-- SOURCE MATERIAL follows --

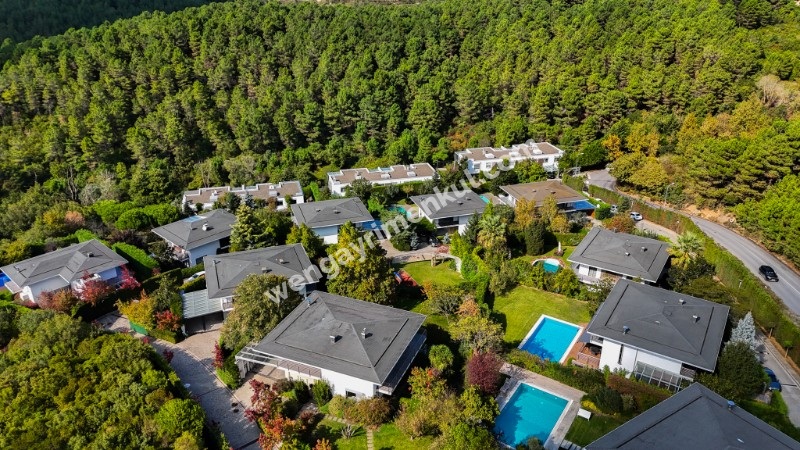 ÇEKMEKÖY MAYA VERA'DA SATILIK TOWNHOUSE VİLLA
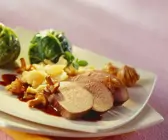 Wildschwein mit Beilagen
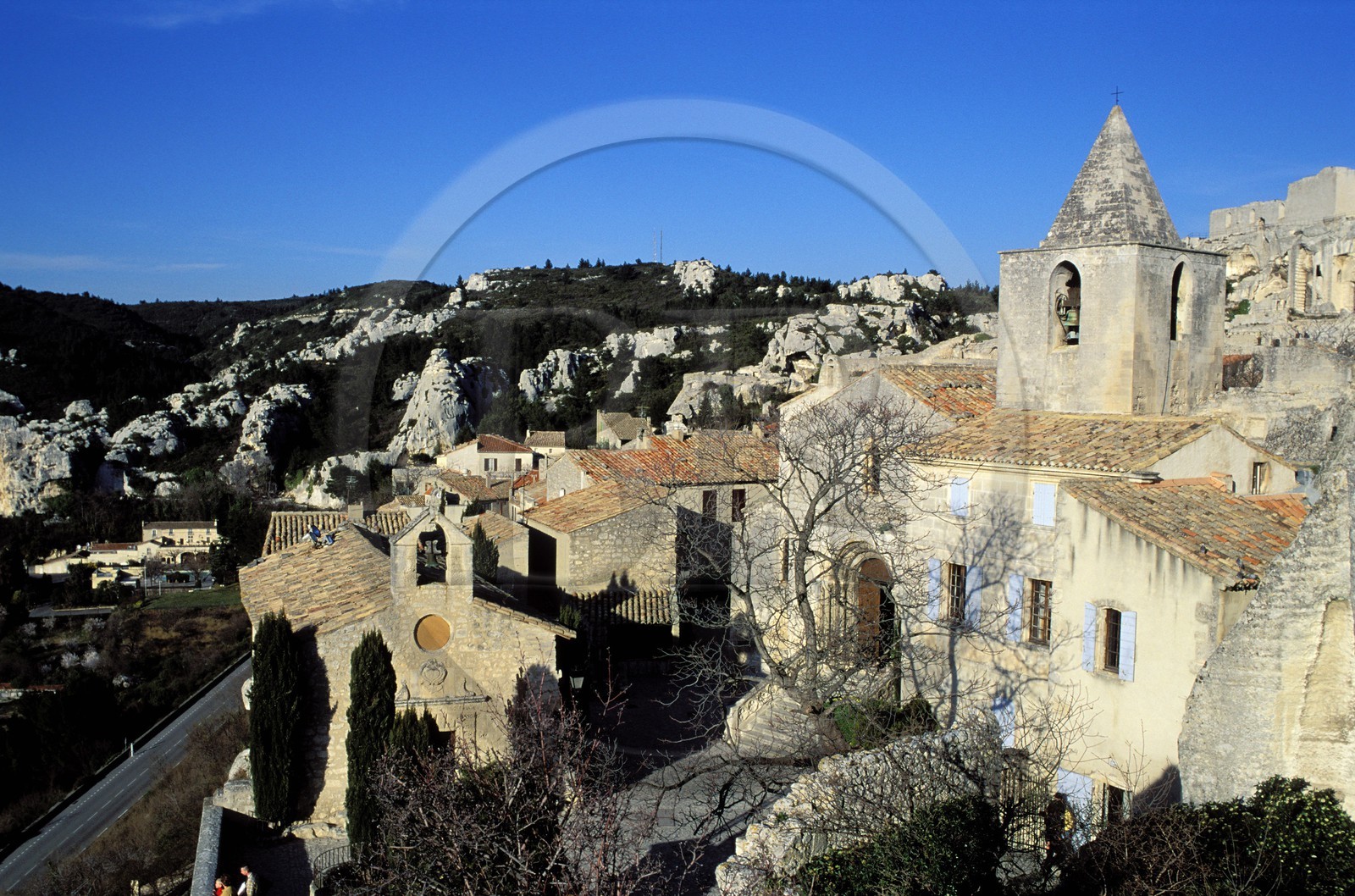 France, Bouches du Rhone, Les Baux de Provence village, labelled Les Plus Beaux Villages de France (The Most Beautiful Villages of France), Saint Vincent church and white penitents chapel France, Bouches du Rhone, Les Baux de Provence village, labelled Les Plus Beaux Villages de France (The Most Beautiful Villages of France), Saint Vincent church and white penitents chapel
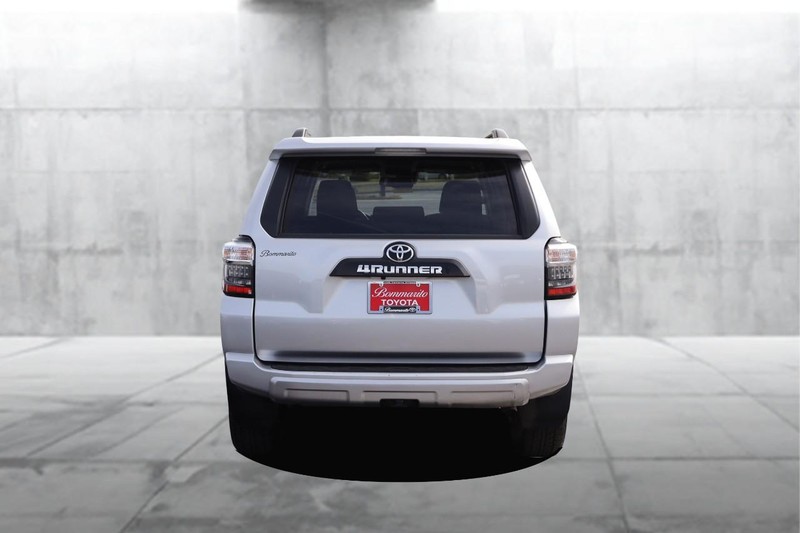 Toyota 4Runner Vehicle Image 06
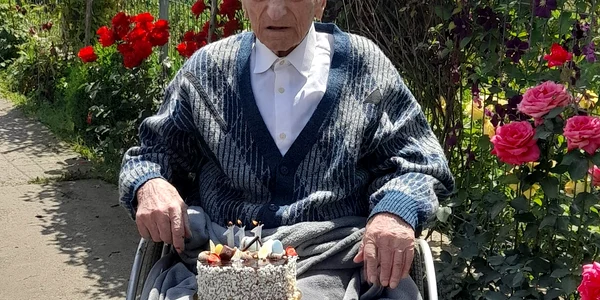 Ilie Ciocan cel mai bătrân român și longeviv veteran de război din lume trăiește în Galicea Vâlcea Foto Camelia Ciocan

-- SOURCE MATERIAL concluded --

ACTION ITEM :: When you return the records, keep every word unchanged and drop the pictures.

THE ANSWER ::
 ÇEKMEKÖY MAYA VERA'DA SATILIK TOWNHOUSE VİLLA
 Wildschwein mit Beilagen
 France, Bouches du Rhone, Les Baux de Provence village, labelled Les Plus Beaux Villages de France (The Most Beautiful Villages of France), Saint Vincent church and white penitents chapel France, Bouches du Rhone, Les Baux de Provence village, labelled Les Plus Beaux Villages de France (The Most Beautiful Villages of France), Saint Vincent church and white penitents chapel
 Toyota 4Runner Vehicle Image 06
 Ilie Ciocan cel mai bătrân român și longeviv veteran de război din lume trăiește în Galicea Vâlcea Foto Camelia Ciocan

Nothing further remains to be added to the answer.